Lee was fielding a short distance inside the boundary adjacent to a large number of Pakistan supporters when the incident occurred, shortly before the scheduled break between innings, at the same time as a series of firecrackers went off at the other side of the Nottingham ground, almost directly beneath the police control centre in the William Clarke stand.

The Australian fast bowler, who was unhurt, immediately informed Waugh, who had warned ahead of the match that he would take his players off if he considered their safety to be at risk.

Although the incident in the William Clarke stand appeared to be more serious, with spectators forced to take avoiding action as sparks flew around their feet, what appeared to be the remains of a discharged firework was visible between the boundary rope and the advertising boards, close to Lee's fielding position. Within moments, Waugh told the umpires, George Sharp and Neil Mallender, of his intention to lead his team off and the Australians left the field, with the match held up for 20 minutes before the final five overs of the Pakistan innings could be bowled.

David Collier, Nottinghamshire's chief executive and one of five people on the ground overseeing security, described the object that landed near Lee as a cardboard canister but the player himself was adamant a firework had exploded near him.

Steve Bernard, the Australian tour manager, said: "There was a firework and Brett said it was live. It was difficult for him to feel comfortable fielding down there and so Steve [Waugh] decided to take the players off, as he said he would if he believed their safety was threatened.

"A meeting then took place with the match referee and the team management and after assurances were given that security would be stepped up in the areas of the ground where the fireworks had gone off we agreed to resume the match. We said that if another firework went off the players would come off again and the innings would not be completed."

No arrests were made as a result of the firework incidents but announcements were made over the public address in both English and Urdu, explaining why play had been suspended and warning spectators to remain in their seats and not to ignite any further fireworks, several of which had gone off earlier as Pakistan progressed towards a total of 290 for 9 from their 50 overs in front of a 14,000 sell-out crowd.

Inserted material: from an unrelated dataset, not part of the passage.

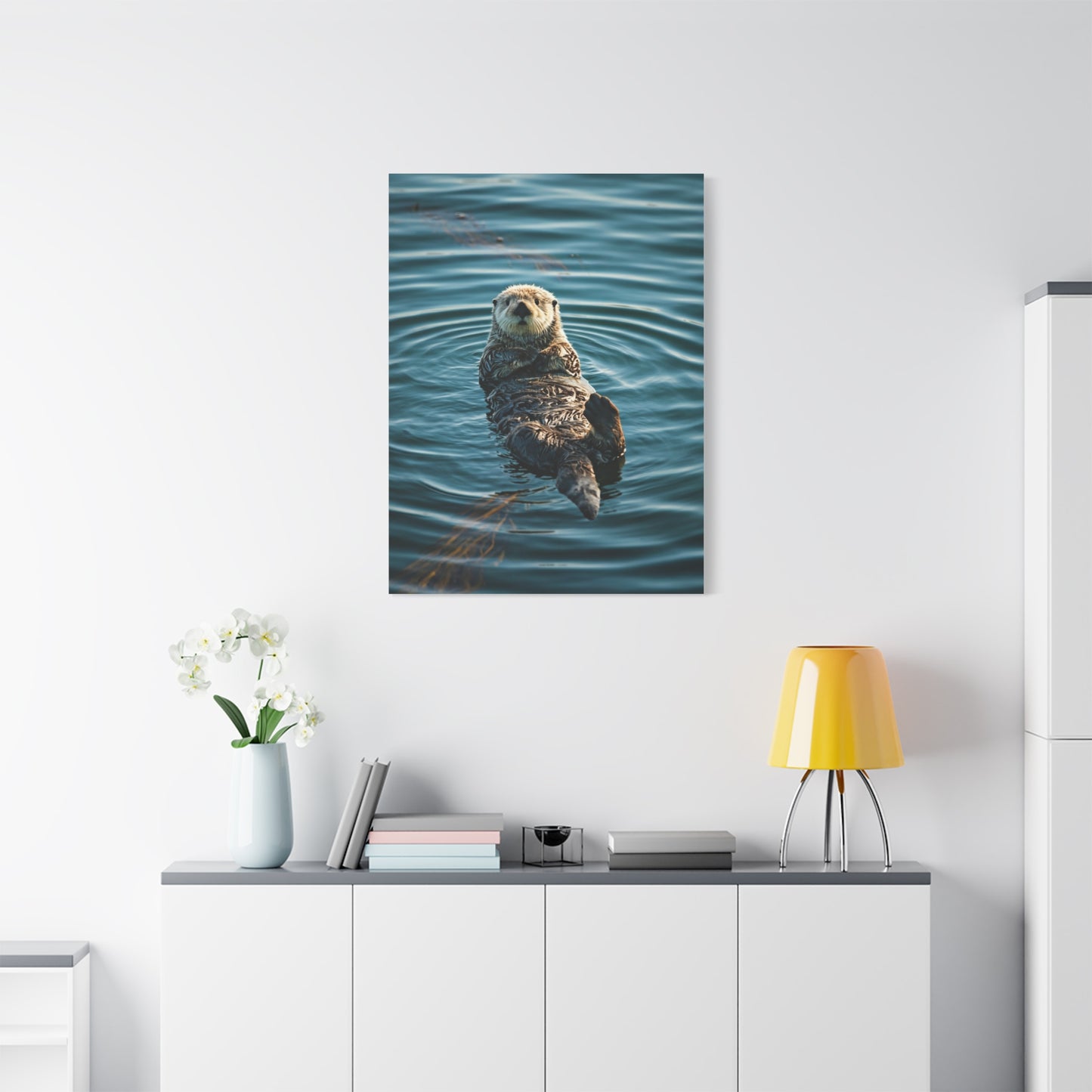Otter Floating on Water Wall Art & Canvas Prints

A substantial number demonstrated their allegiance to Pakistan by waving flags, sounding whistles and klaxons continuously, a police spokesman described the atmosphere at that stage as "relatively good natured".

The after-match presentations were scheduled to take place inside the pavilion rather than on the balcony in the hope that spectators would have no reason to gather outside.

Bernard said the Australians had been satisfied with the efforts of Nottinghamshire staff to minimise the risk to players during the match, even though fireworks had been brought into the stadium in spite of bag searches on the gates.

Speaking before the fireworks were let off, Richard Caborn, the new sports minister, had said that the Government would oppose any measures that would change the "traditional atmosphere" on English grounds.

Caborn, who came here to see the crowd control tactics being employed, dismissed as "Draconian" suggestions by Lord MacLaurin, the chairman of the England and Wales Cricket Board, that stewards with "snarling dogs" should be deployed to prevent scenes such as were witnessed at Headingley on Sunday.

"I would hope that we don't have to move down that course of dogs and high wire fences to see a game of cricket in England," he said.